Liza turned to her and smiled, knowing the tangent her man-mad assistant’s mind was veering off at. ‘Well, there’s no smoke without fire, Julia,’ she teased. ‘Flash your eyes at him the way you do at most men and you just might save your job.’
With a snort Julia tapped away at her computer. ‘Would that it were that easy. It’s always redheads with him, isn’t it? Perhaps I should whisk to the hairdresser’s lunchtime and swap my mouse-brown mop for Titian gold like yours.’
‘Are you implying mine comes from a bottle?’
‘Of course not!’ Julia laughed. ‘But seriously, he’s always being photographed with some gorgeous redhead. You’d better watch out, Liza...’ She stopped in mid-sentence as the door opened and the Buchanan entourage stepped into Liza’s office.

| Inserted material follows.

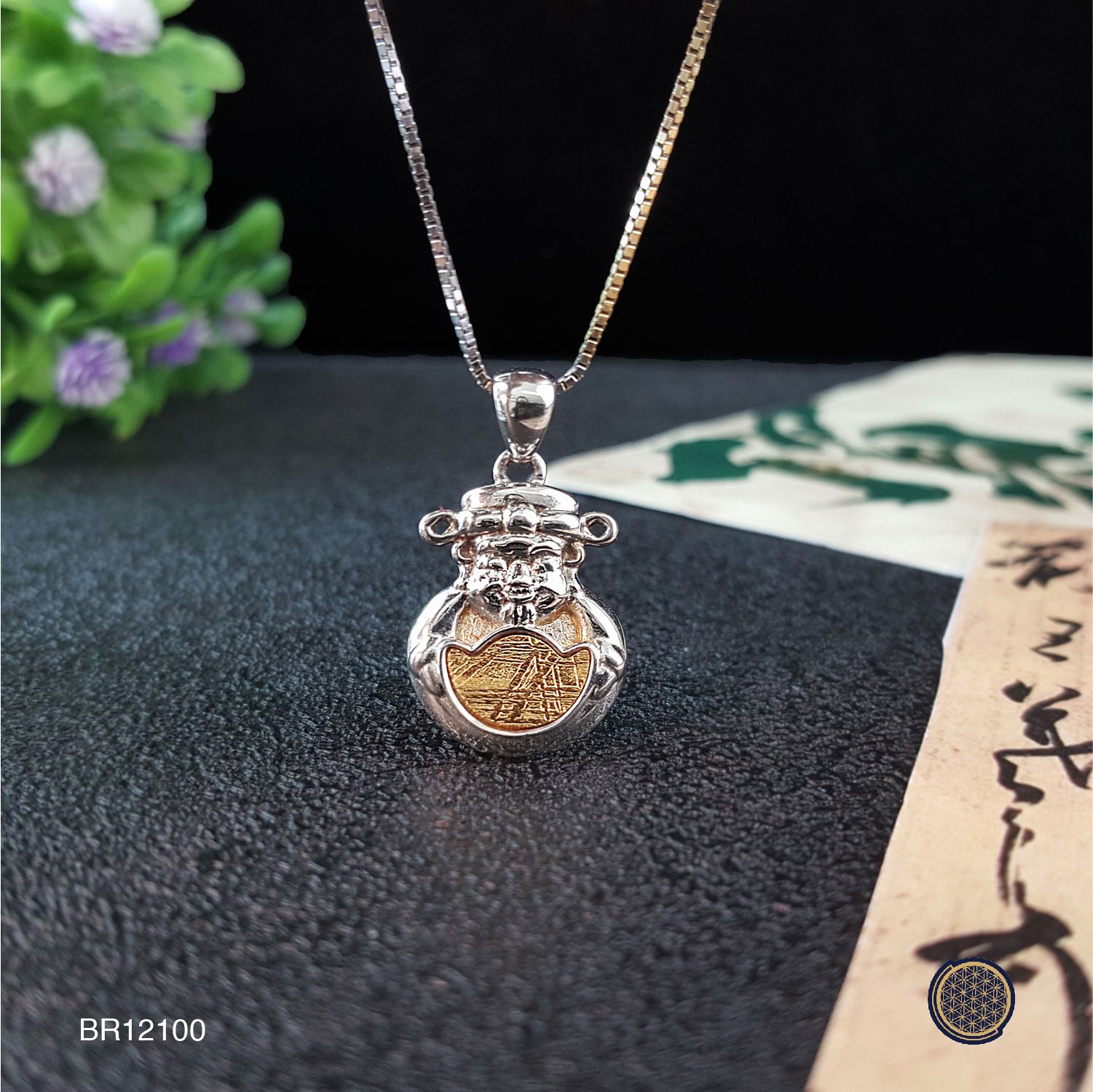 天铁财神-金吊坠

Julia stumbled to her feet, flushed, and pulled at her sweater nervously. Liza stood where she was, coldly unemotional, her hair brightened to flame by the light from the window behind her. If she had consciously stage-managed her impact on Robert Buchanan she couldn’t have done it more successfully. His dark penetrating eyes devoured her from head to toe, and came to rest on the aureole of marmalade frizz that cascaded around her shoulders.

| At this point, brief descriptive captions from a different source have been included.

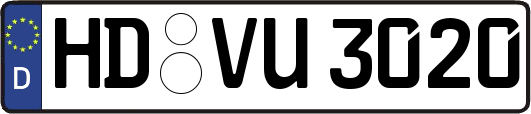 HD-VU3020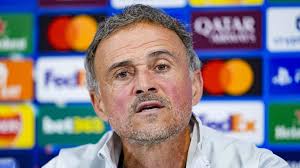 Luis Enrique hails 'top-level' Lens challenge as PSG seek to clinch title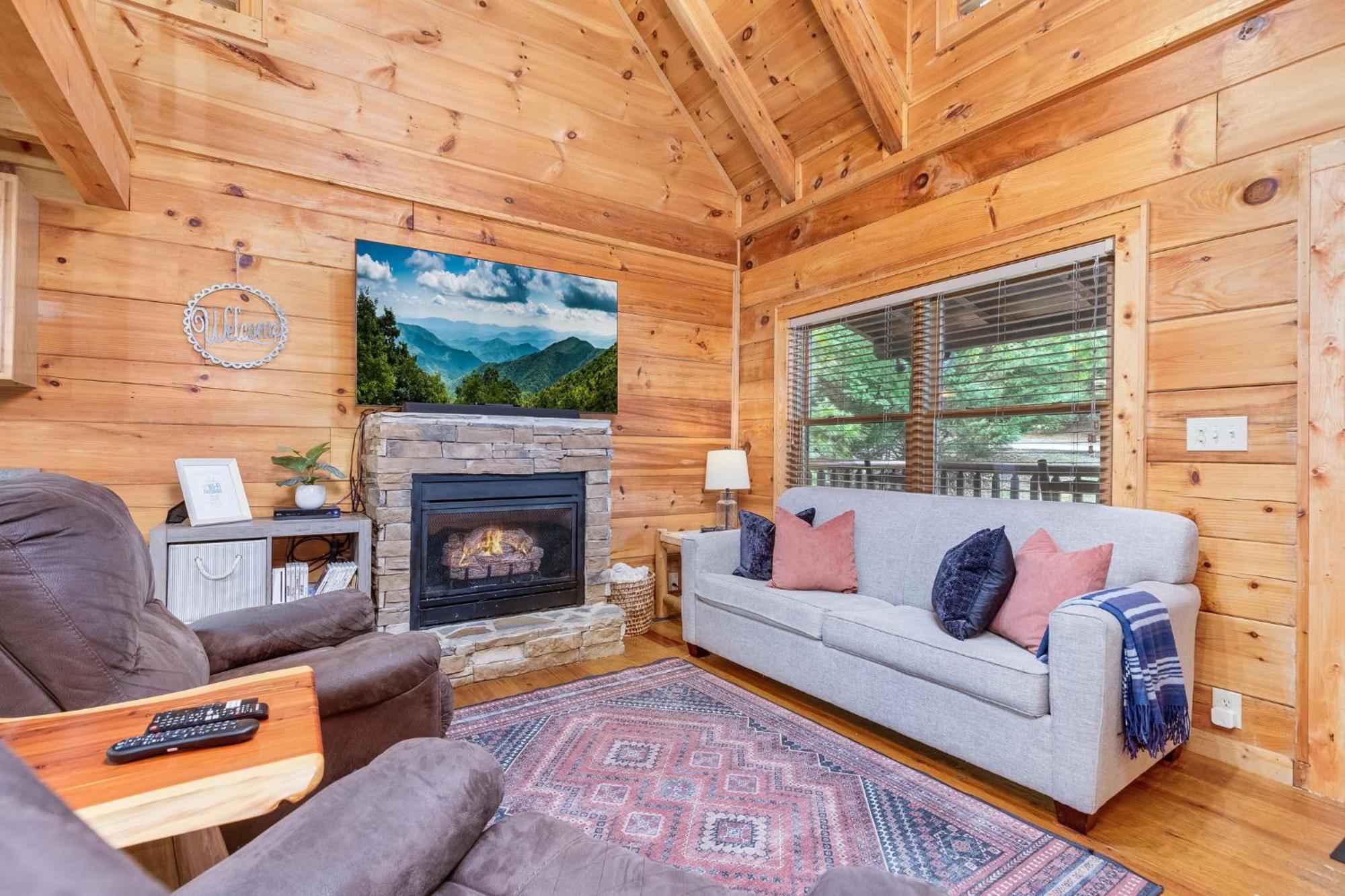 Elegant & Cozy Cabin Near Pigeon Forge Sevierville Exterior foto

It was easy to give Robert Buchanan a wide smile of welcome, easy to lift her hand and hold it out to him as John stammered out his introductions. Handsome he might be, powerful in publishing he undoubtedly was, but he wasn’t a gift from the gods as most women thought. He was a man like any other: ruthless, cold, a taker, just like another she knew.
He even resembled her former lover. He had the same jet hair as Graham, the same tall muscular build. They shared the same characteristics too, if all the papers said about the publishing giant was true: cold, calculating and a heartbreaker where women were concerned. But, whereas Robert Buchanan had maintained his bachelor existence, Graham had fallen prey—to her own sister of all people. They’d been married a year now, a year in which the pain of betrayal was still edged with a sharpness that cut into Liza’s very soul at the thought of the two of them, cosily cocooned in their Welsh cottage. Yvonne happily baking and housekeeping while Graham’s literary prowess prospered as it never had all the two years they had been lovers.

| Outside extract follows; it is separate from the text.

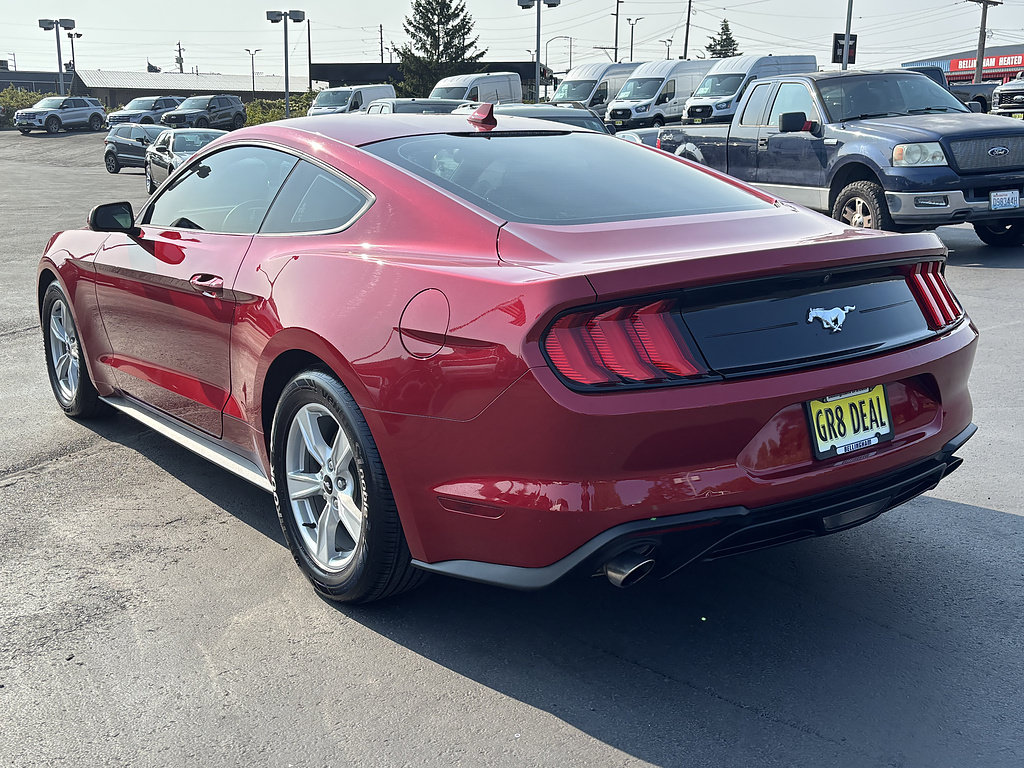 Certified 2022 Ford Mustang Coupe RWD image 8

‘So, you are Liza Kay, without whose advertising sales skill this dreary magazine would have bitten the dust months ago.’
His brutal words, so softly, yet deeply, delivered with the faintest of a Scots burr, stunned everyone in the room. There was a long silence, followed by the uneasy shuffling of feet. Poor John looked waxy and gaunt. Liza held her smile with all the loyalty to John she could muster.
‘If that was a compliment, Mr Buchanan, I relinquish it on the grounds of bad taste.’ She withdrew her hand from his, yet maintained her sweet smile.
He raised a dark brow, that was all, turned from her, and left the office, his minions following, flustered and apologetic.
To Liza’s surprise she experienced a tremor through her body, a peculiar frisson she couldn’t explain away. Slumping down on to her chair, she murmured, ‘That was dumb, really dumb!’
‘You can say that again!’ Julia breathed with a mixture of admiration and awe. ‘You’ll be the first to go.’
Composed now, Liza scooped her hair back from her face. ‘First or last—makes no difference; we’re all for the slush pile if Buchanan runs true to form.’
‘Don’t you care?’ Julia quizzed anxiously.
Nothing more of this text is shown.